From the line below that contains "Flipz Holiday Milk" to the line that contains "Детски килим за", repeat every line exactly, both ends included, and nothing else.

▸ EXCERPTED RECORDS:
******
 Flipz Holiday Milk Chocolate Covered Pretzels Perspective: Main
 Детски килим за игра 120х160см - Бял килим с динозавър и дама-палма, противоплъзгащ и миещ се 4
******
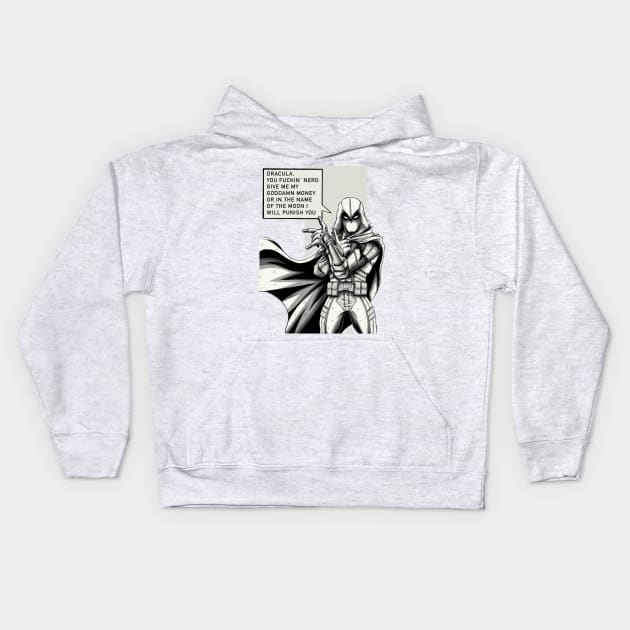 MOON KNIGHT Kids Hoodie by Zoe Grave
******
▸ YOUR SOLUTION:
 Flipz Holiday Milk Chocolate Covered Pretzels Perspective: Main
 Детски килим за игра 120х160см - Бял килим с динозавър и дама-палма, противоплъзгащ и миещ се 4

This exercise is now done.